An exact copy of the entries, with every picture omitted, is what is needed here.

***** MATERIAL SUPPLIED *****

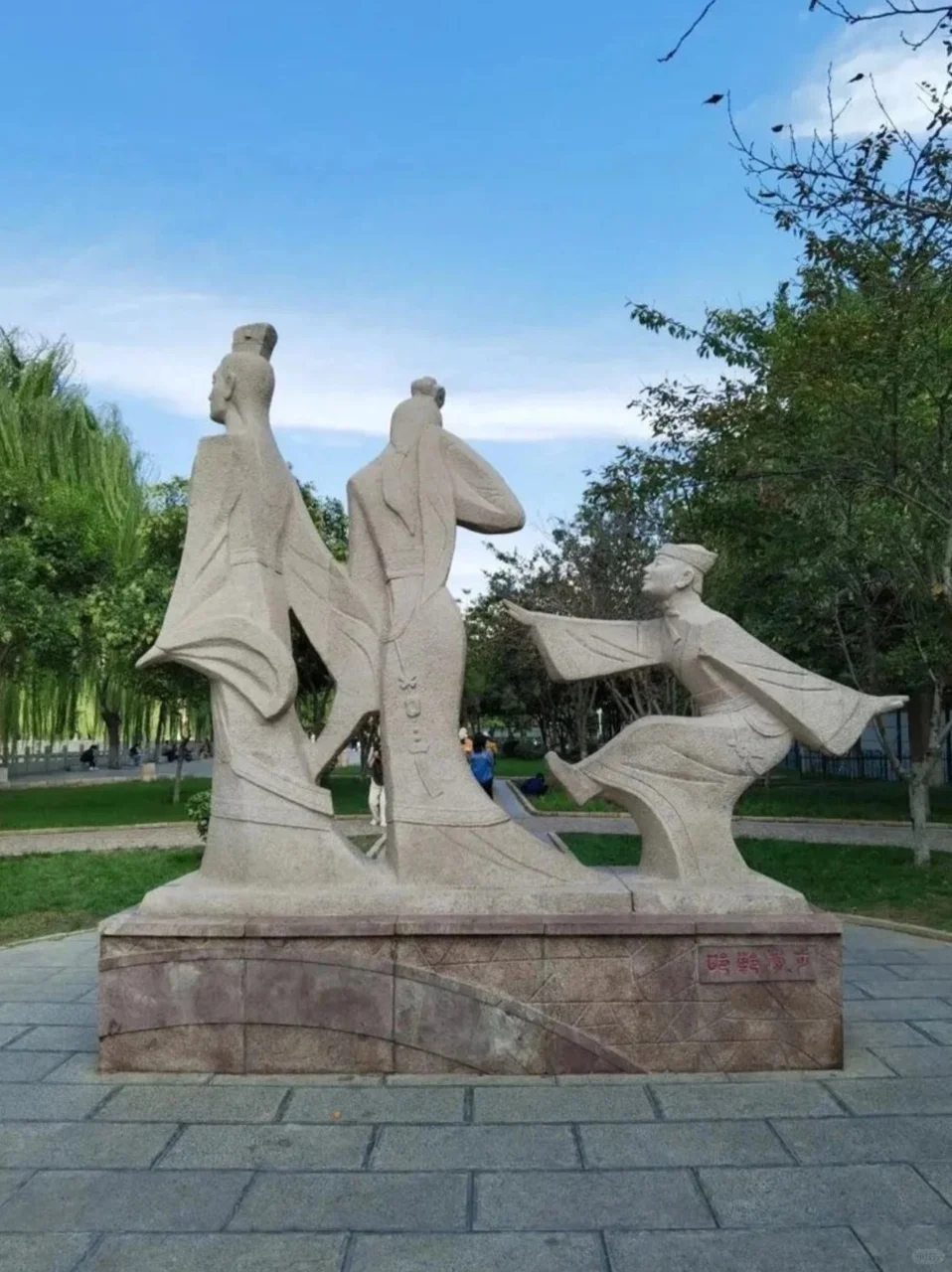 码住！邯郸这 9 个神仙景点我按头安利！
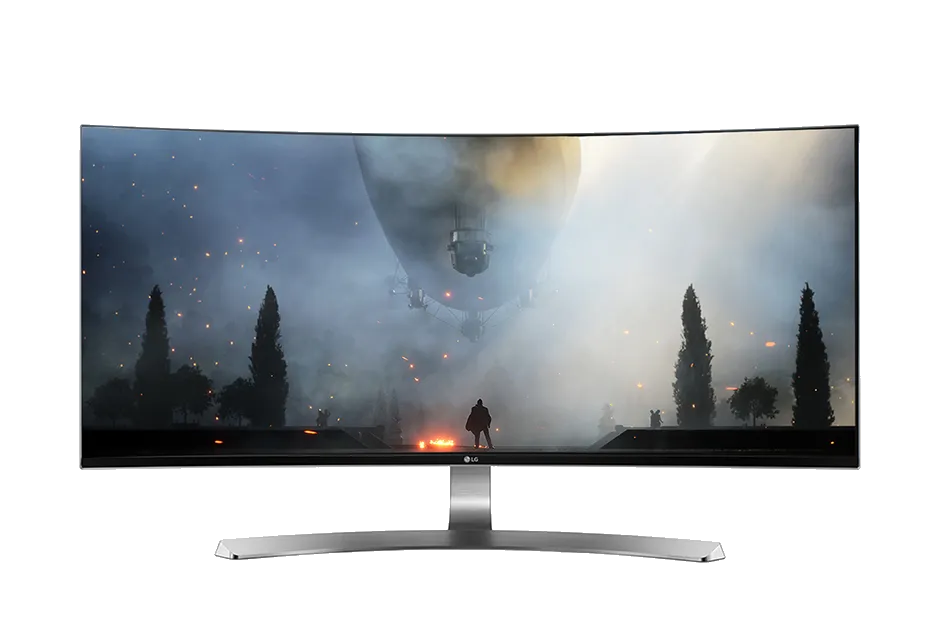 Замена кнопок управления LG 38UC99
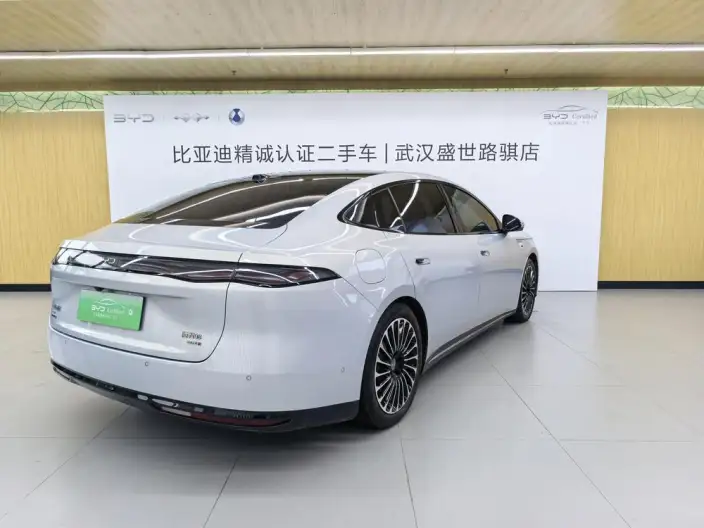 BYD Seal 08EV 2026 Model 785KM 4WD Flagship Model – фото 5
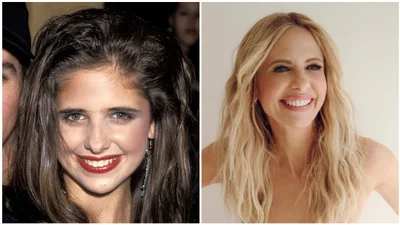 Сара Мішель Геллар святкує 49-річчя: як мінялась акторка крізь роки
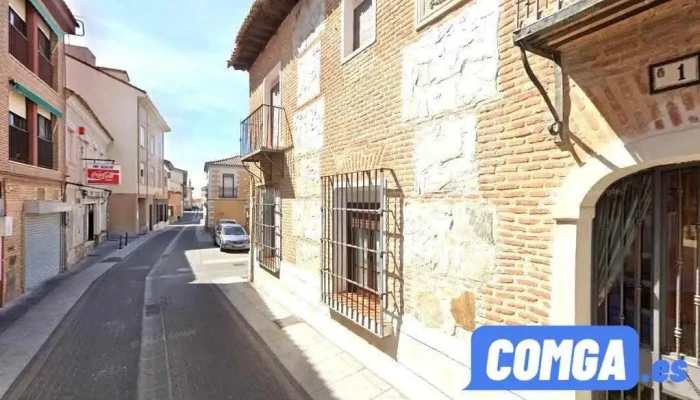 Pablo Cuadrado Martinez Cabanillas Del Campo - Cabanillas del Campo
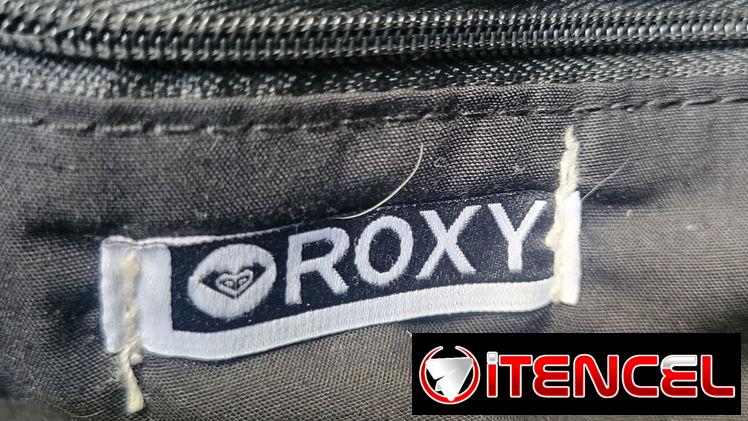 👜 Bolso Negro Roxy 🇨🇳 – Tel: 5358 0956 – Vedado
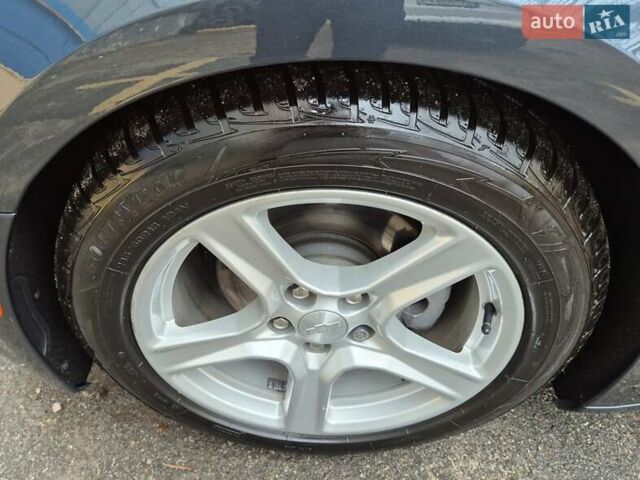 Серый Шевроле Камаро, объемом двигателя 3.6 л и пробегом 35 тыс. км за 32600 $, фото 12 на Automoto.ua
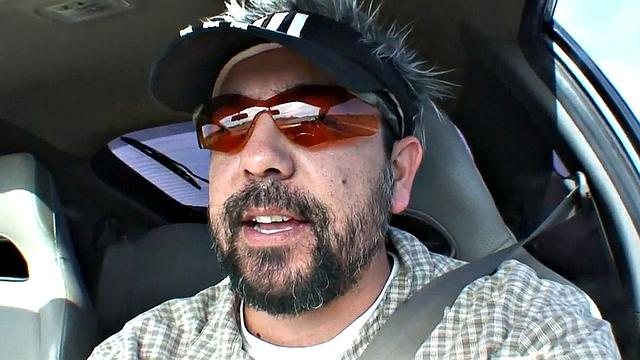 Whitney Stevens at the house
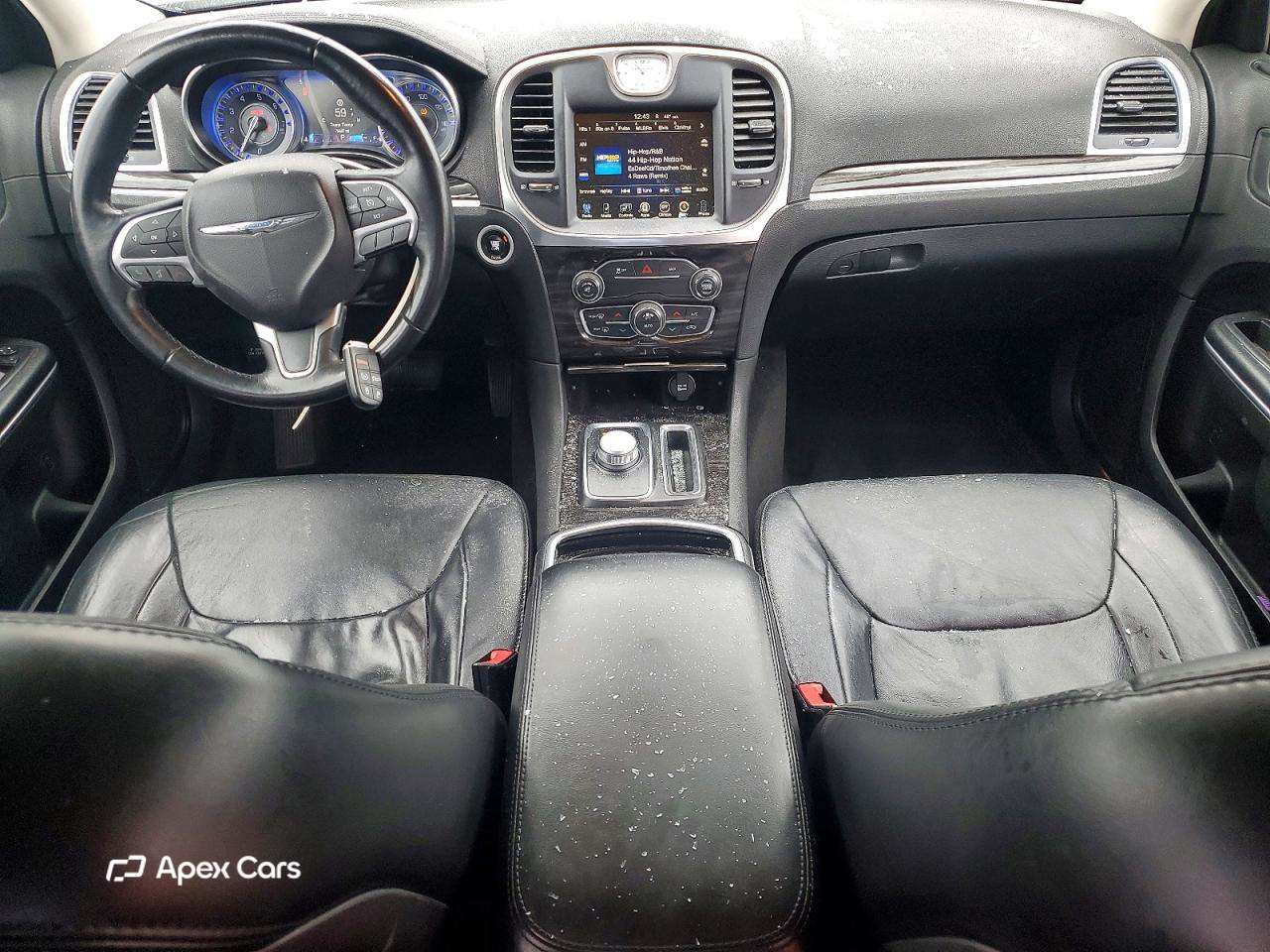 Chrysler 300 2016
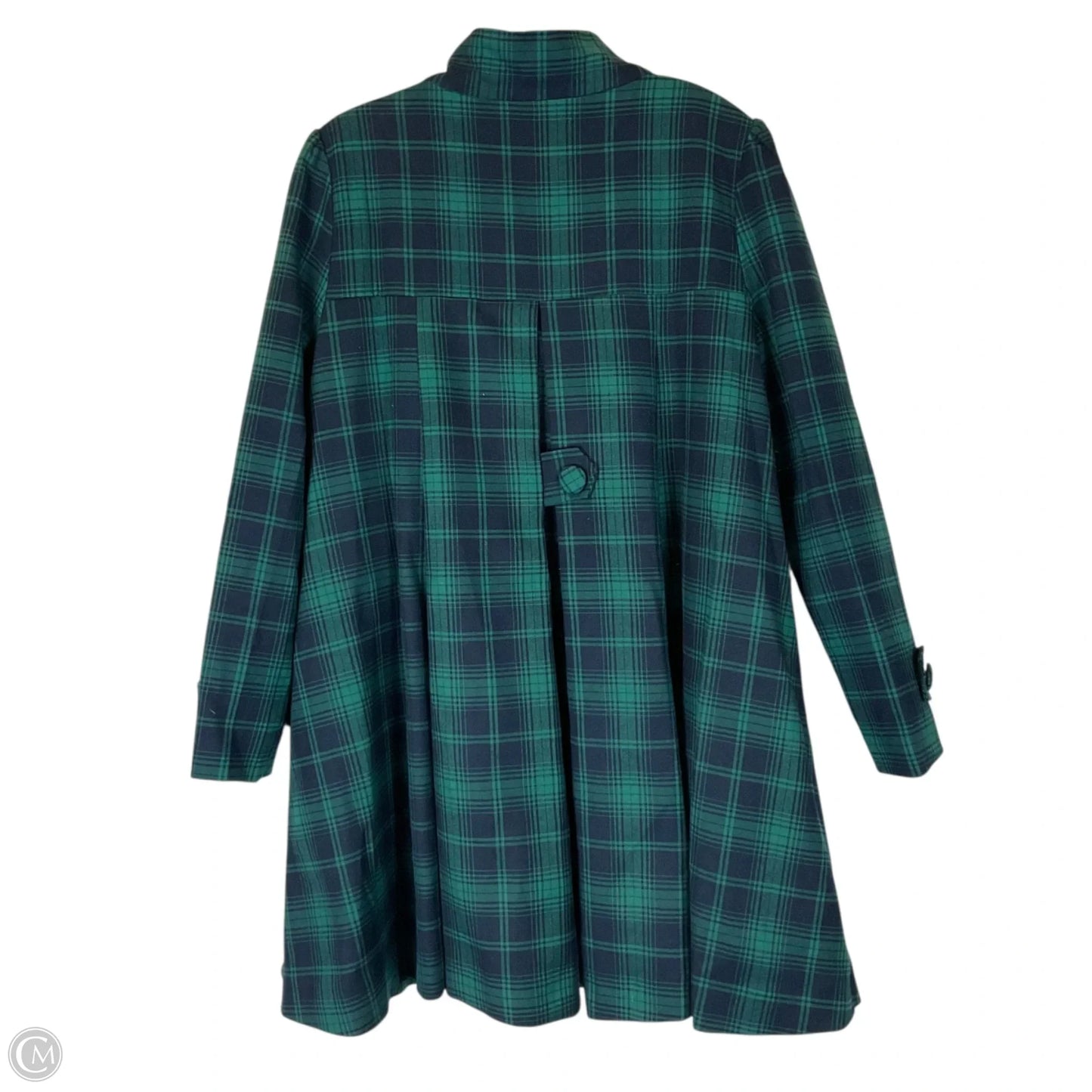 Coat Other By Chicwish In Green, Size: L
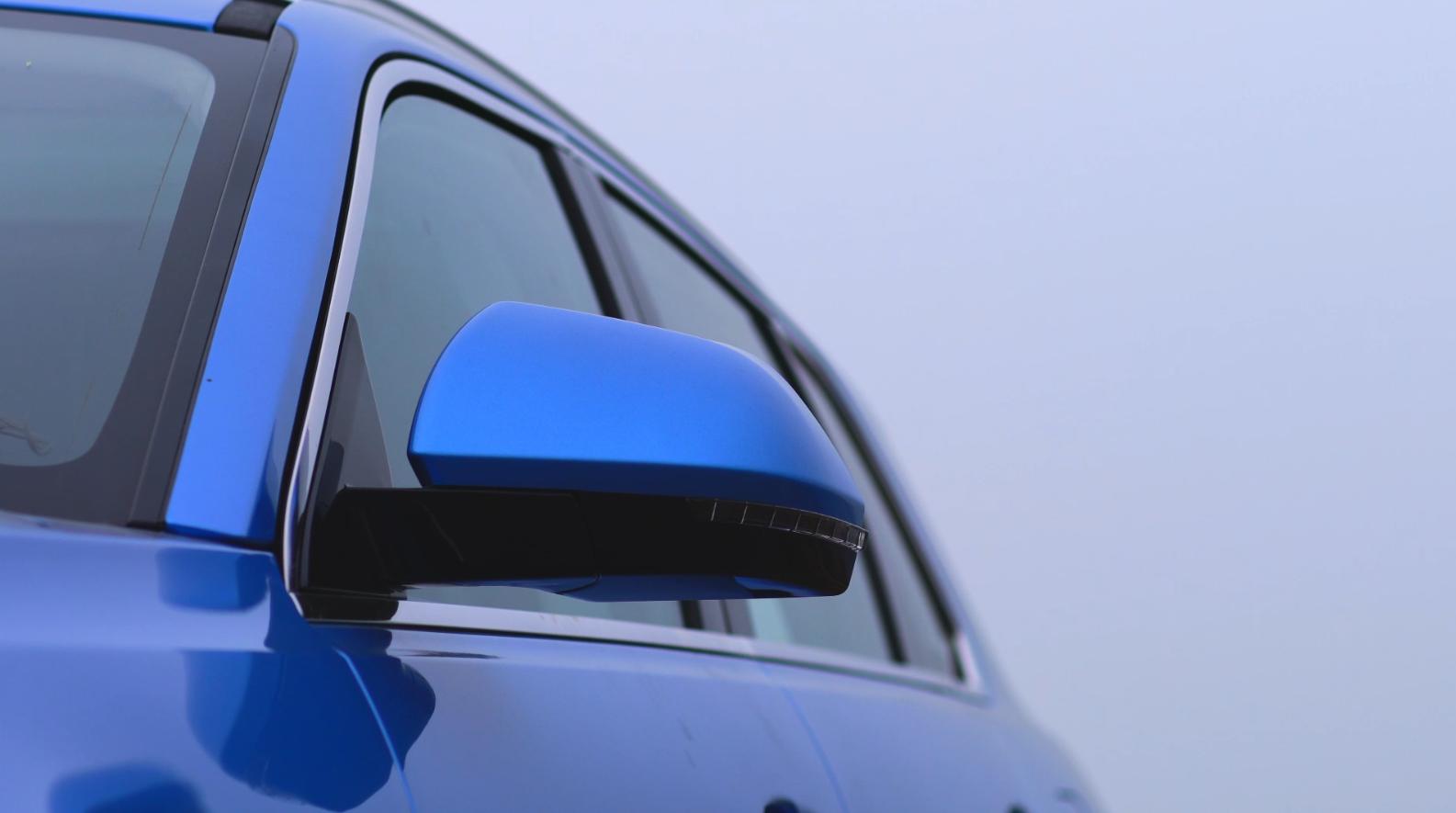 18年大迈x7自动挡,颜值不输h6的suv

*****

**EXERCISE RESULT**
 码住！邯郸这 9 个神仙景点我按头安利！
 Замена кнопок управления LG 38UC99
 BYD Seal 08EV 2026 Model 785KM 4WD Flagship Model – фото 5
 Сара Мішель Геллар святкує 49-річчя: як мінялась акторка крізь роки
 Pablo Cuadrado Martinez Cabanillas Del Campo - Cabanillas del Campo
 👜 Bolso Negro Roxy 🇨🇳 – Tel: 5358 0956 – Vedado
 Серый Шевроле Камаро, объемом двигателя 3.6 л и пробегом 35 тыс. км за 32600 $, фото 12 на Automoto.ua
 Whitney Stevens at the house
 Chrysler 300 2016
 Coat Other By Chicwish In Green, Size: L
 18年大迈x7自动挡,颜值不输h6的suv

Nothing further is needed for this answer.